**Goal of the exercise:** Only the lines below from the one containing "elsa.m by may" through the one containing "SHIPS / シップス" belong in the answer, repeated exactly and without pictures.

(Stored items)
☆ ☆ ☆ ☆ ☆
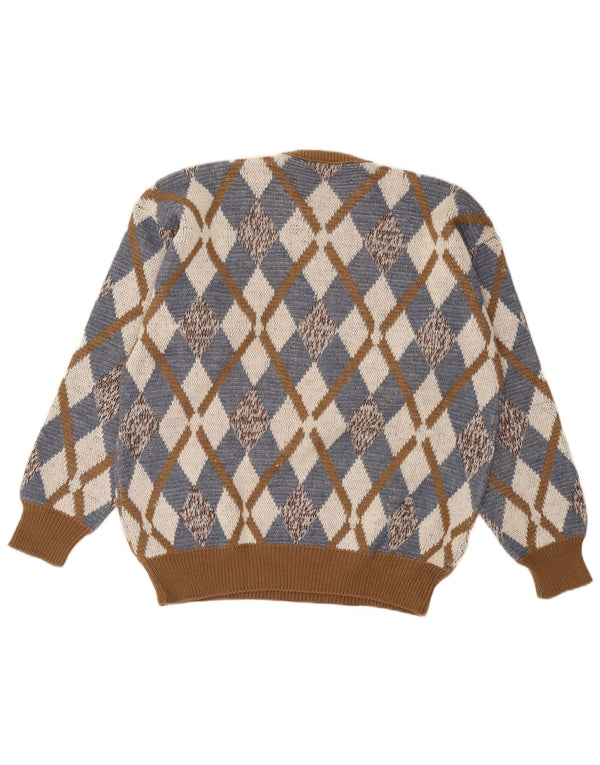 vintage Mens Crew Neck Jumper Pull IT 52 Grand Marron Argyle/Diamant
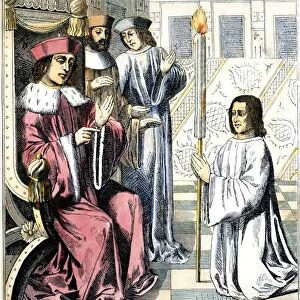 JACQUES COEUR (c1395-1456). French merchant. An apologetic Jacques Coeur before Charles VII in 1451. Line engraving after a 15th century French miniature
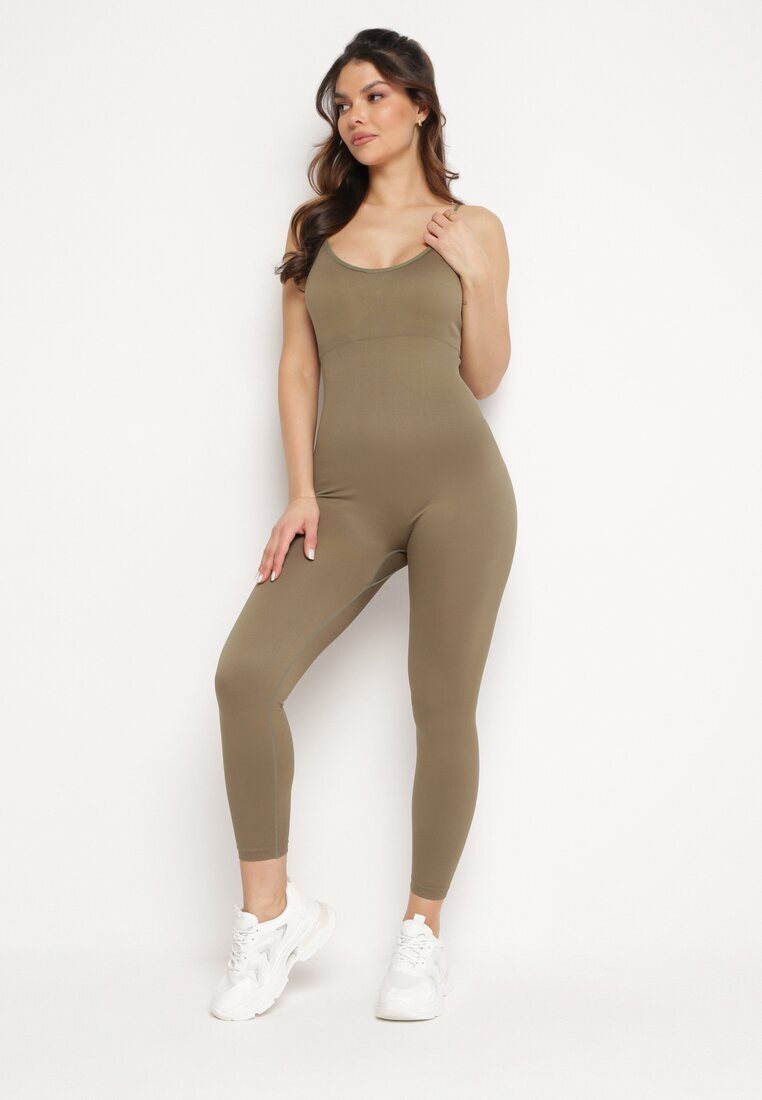 elsa.m by may Salopetă Elastică Mulată Bodycon Verde închis cu Bretele subțiri Reglabile Xantella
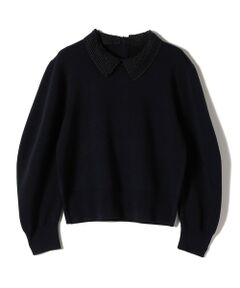 SHIPS / シップス ニット・セーター | SHIPS Primary Navy Label:〈手洗い可能〉シルク混 レース 襟 プルオーバー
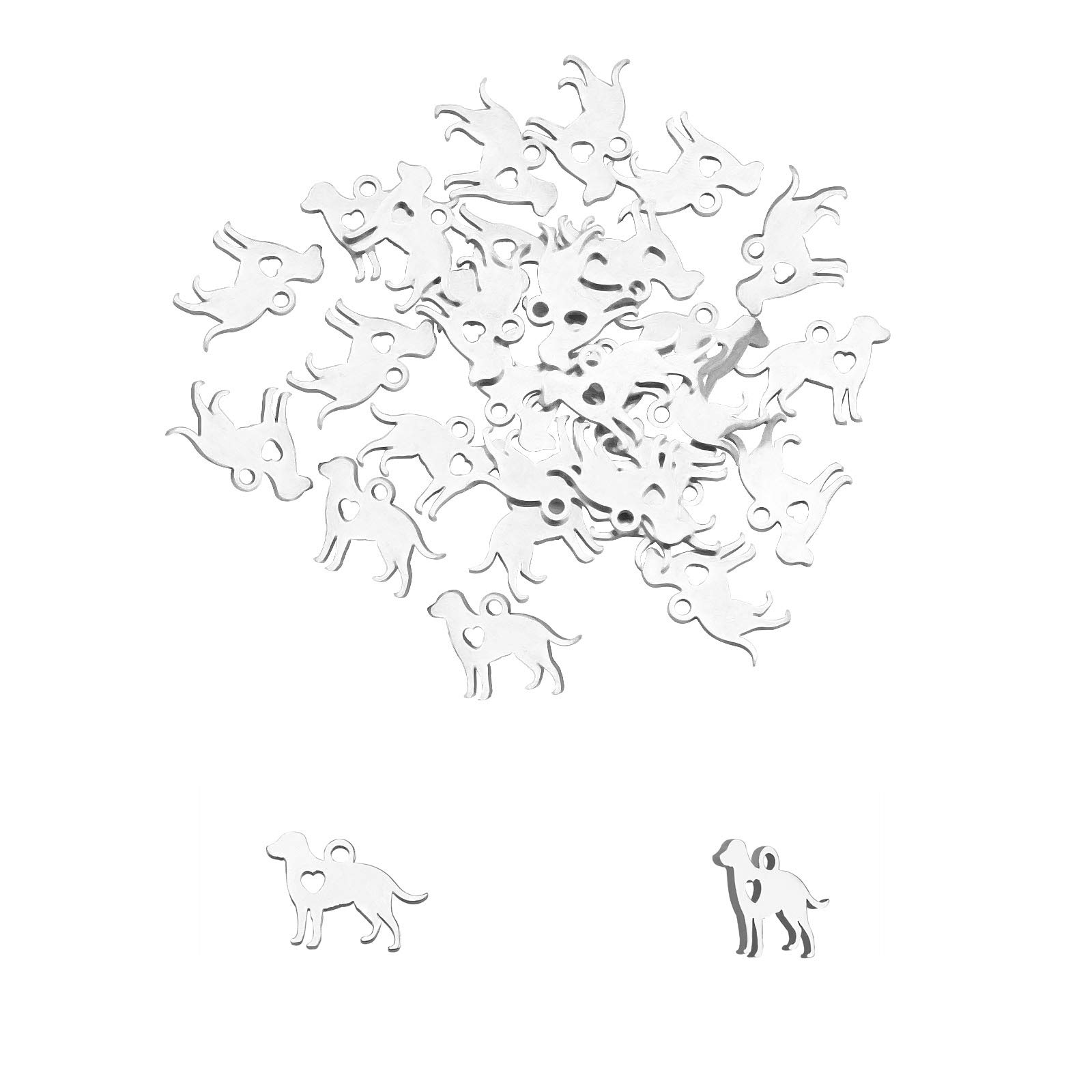 UNICRAFTALE2 Colors Hollow Star and Moon Charms Stainless Steel Charms Small Hole Metal Pendant Pendants Flat Smooth Charm for DIY Swing Jewelry Making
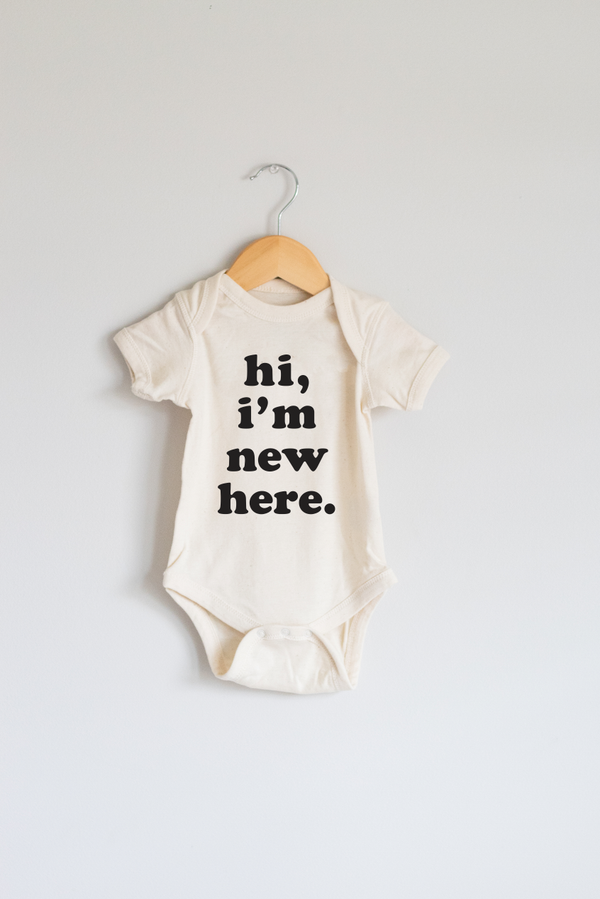 Polished Prints - Hi, I'm New Here Baby Onesie, Baby Bodysuit, Baby Gift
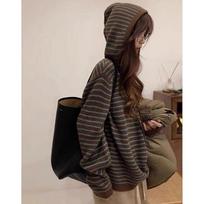Autumn Loose Striped Vintage Hooded Sweater for Women Fashion Soft Slim Fit Casual Knitted Sweaters Women Elegant Simple Winter Ladies Jumpers 25646 One Size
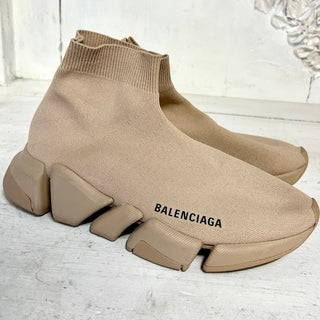 Balenciaga Speed 2.0 Graffiti 3D Recycled Knit Runner Sneakers Beige Women's 7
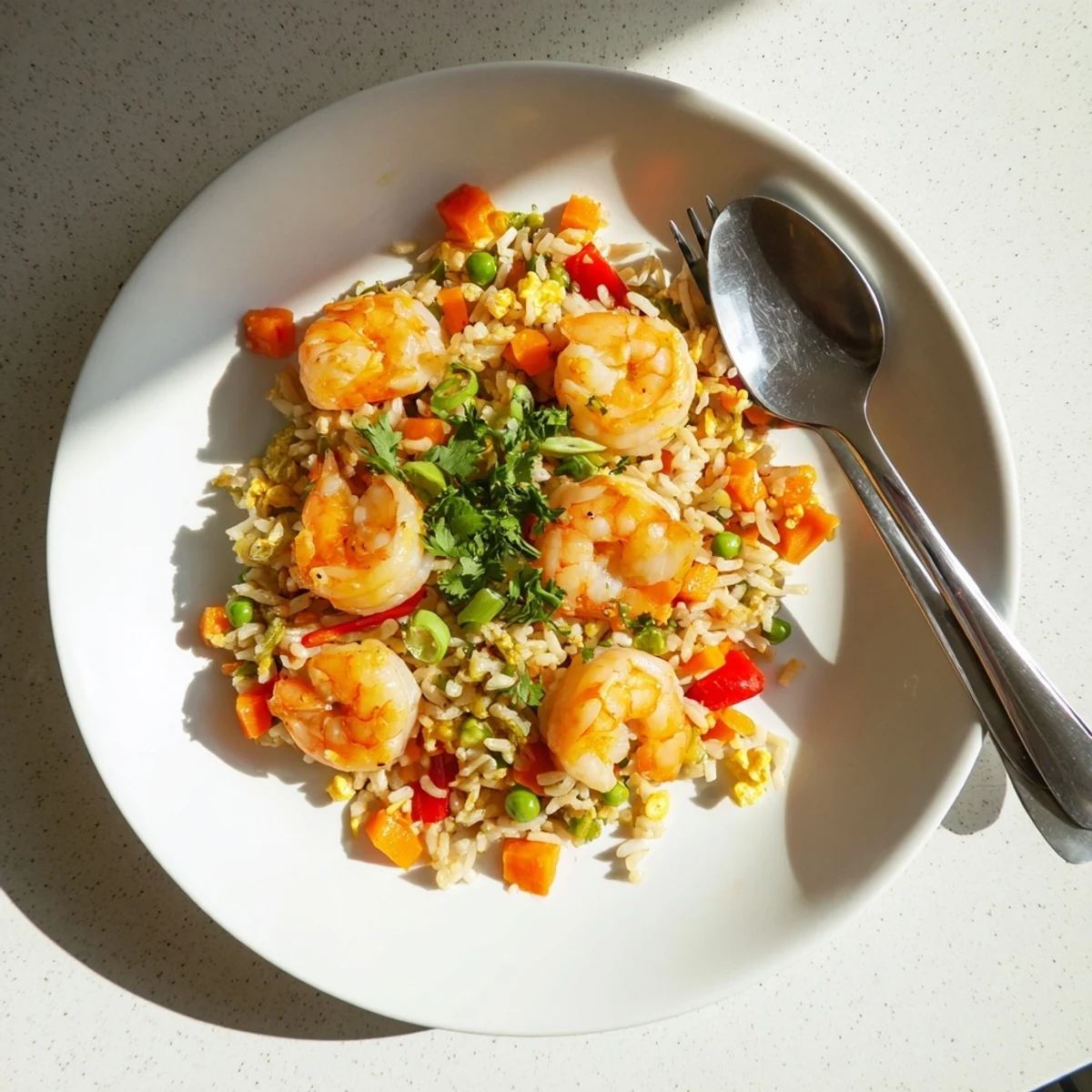 Golden garlic prawns nestled atop colorful sweet chilli fried rice with diced vegetables and fresh herbs
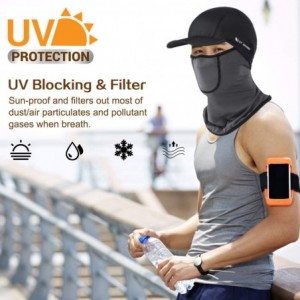 Balaclavas Sun UV Protection Summer Face Mask Breathable Cooling Fishing Neck Gaiter - Black With Filter - CM1992RKC92 $18.85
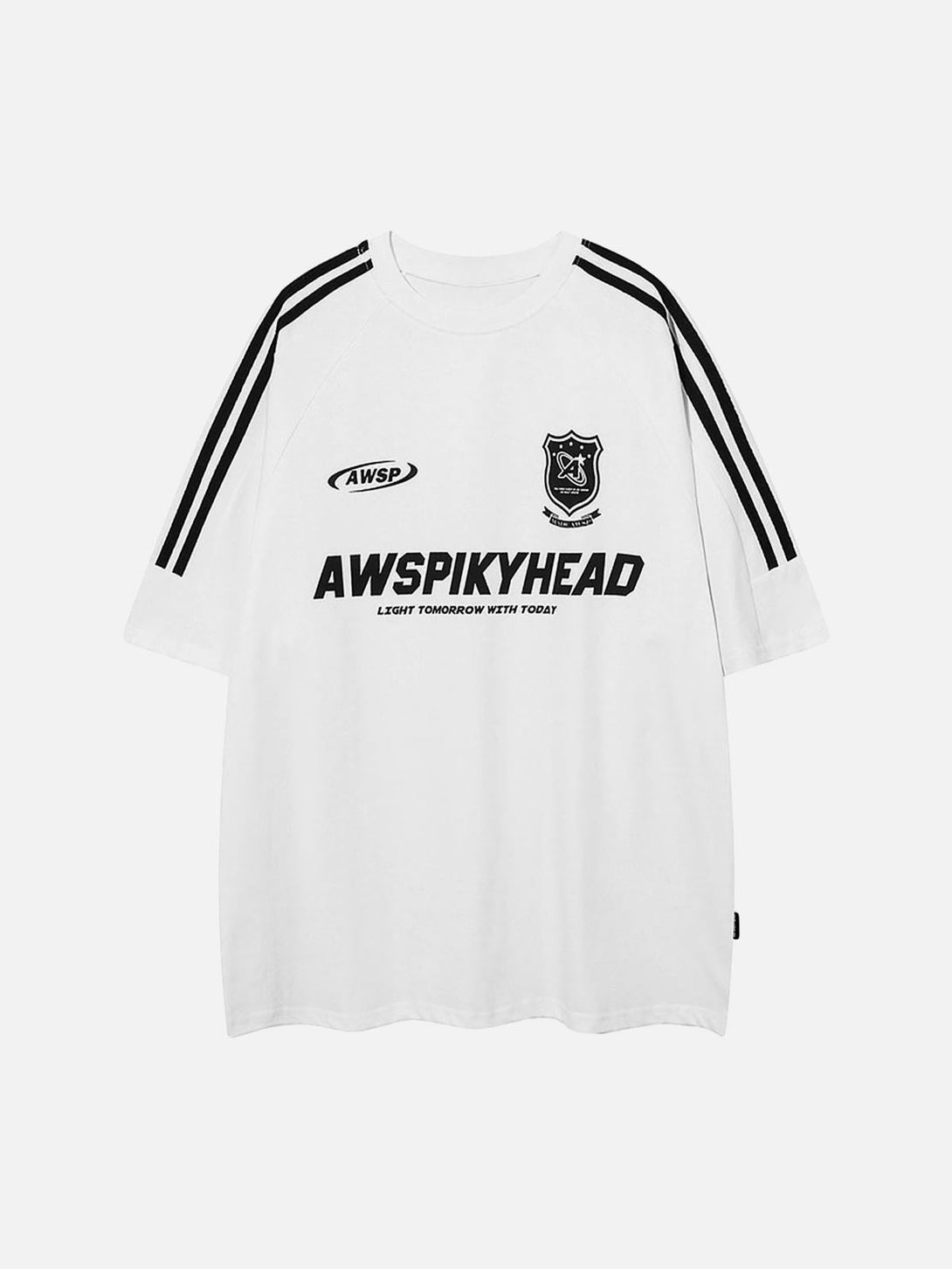 Front view of white TALISHKO heavyweight T-shirt with college-inspired graphics and stripes.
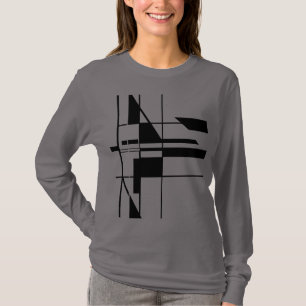 Camiseta Design de Placa Geométrica Negra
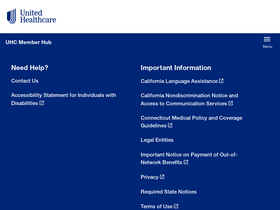 'uhcmemberhub.com' screenshot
☆ ☆ ☆ ☆ ☆
**Result of the task:**
 elsa.m by may Salopetă Elastică Mulată Bodycon Verde închis cu Bretele subțiri Reglabile Xantella
 SHIPS / シップス ニット・セーター | SHIPS Primary Navy Label:〈手洗い可能〉シルク混 レース 襟 プルオーバー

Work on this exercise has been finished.